Capitalism has outlived its earlier progressive role. This is now the era of socialist revolution.  Capital must accumulate in order to survive. It grows by keeping for itself the surplus value produced by workers after they have reproduced the value of their labour power, their wages. Surplus value is the source of all profit. The unending search for surplus value, for profit, is the motive force of capitalist production. Capitalism can produce only for profit. In times of crisis the capitalists tell us to tighten our belts and slave harder for them, for “ the national interest”. They try to increase exploitation so as to get the huge profit needed to start capital expanding again. Economic expansion accompanied by widespread suffering and injustice is not desirable social progress. A society motivated by the drive for private gain and special privilege is basically immoral.

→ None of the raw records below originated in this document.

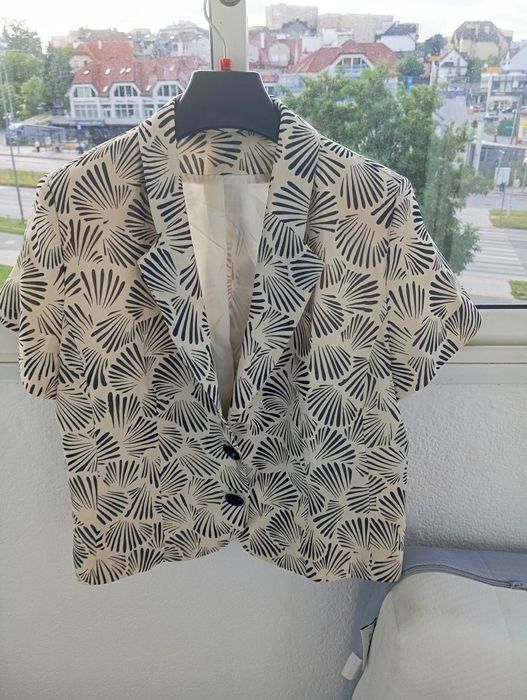 Garsonka letnia spódnica i żakiet na podszewce.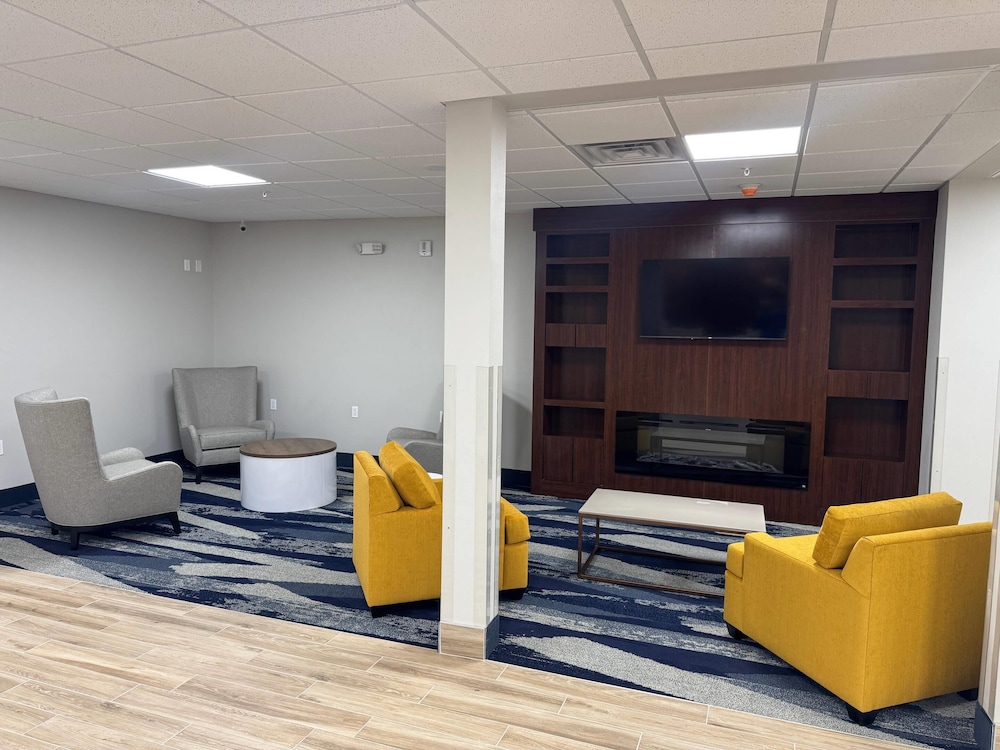 Comfort Inn & Suites Memphis Germantown 34/50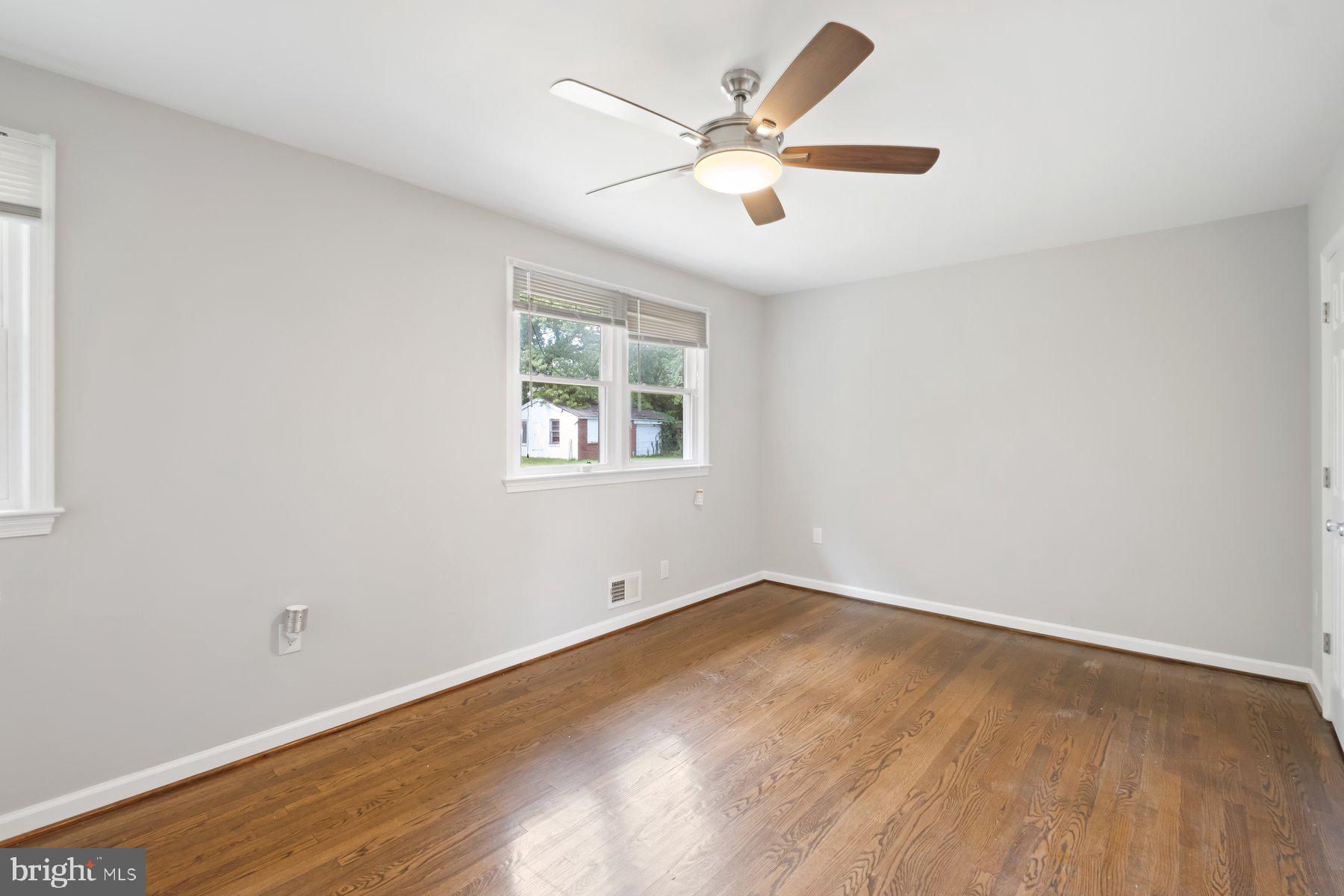 SUNNY ACRES - Residential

Under capitalism, labour is a commodity. Workers are used as replaceable parts, extensions of machines—as long as they provide dividends. Employers use their power of ownership to devastate the lives of workers through layoffs, shutdowns and neglect of health and safety. Unions, despite their courageous efforts, have encountered difficulties eliminating even the worst abuses of management power.

People live and work in a world dominated by multinationals and corporate monopolies. These far-flung business empires, of a scope and size unimaginable to previous generations, treat the entire planet as their domain. They are a law unto themselves, free to roam the globe in search of cheaper labour, more exploitable resources, more pliant governments and greater profits. They now hold the power of life and death over every region and industry. By their dictates, our resources have been plundered. Workers are their pawns in a global game of mergers, shutdowns, and relocations. These transnational conglomerates have robbed us of our wealth and of the very power to determine our own future. An world-wide unemployment and hunger are the legacy. These profiteering corporations, incapable of turning their technology and organisation to the needs of people, are collapsing under the weight of their hoarded wealth. They have distorted the economic development of the world so fundamentally, the resources they waste on war production, for instance, could eliminate hunger in the world. The computer revolution will only intensify massive permanent unemployment, tedious and stressful jobs for remaining workers, and terrifying concentrations of knowledge and social control in the hands of private internet businesses. If harnessed to popular administration and planning, new technology could help us achieve an era of abundance for all, release us from monotonous toil and enrich our store of accessible information. The socialist option is the only alternative. The flaws of capitalism are too basic, the power of the capitalist corporations too great, the chasm separating the compulsions of profit and the needs of people too wide, for anything less to succeed.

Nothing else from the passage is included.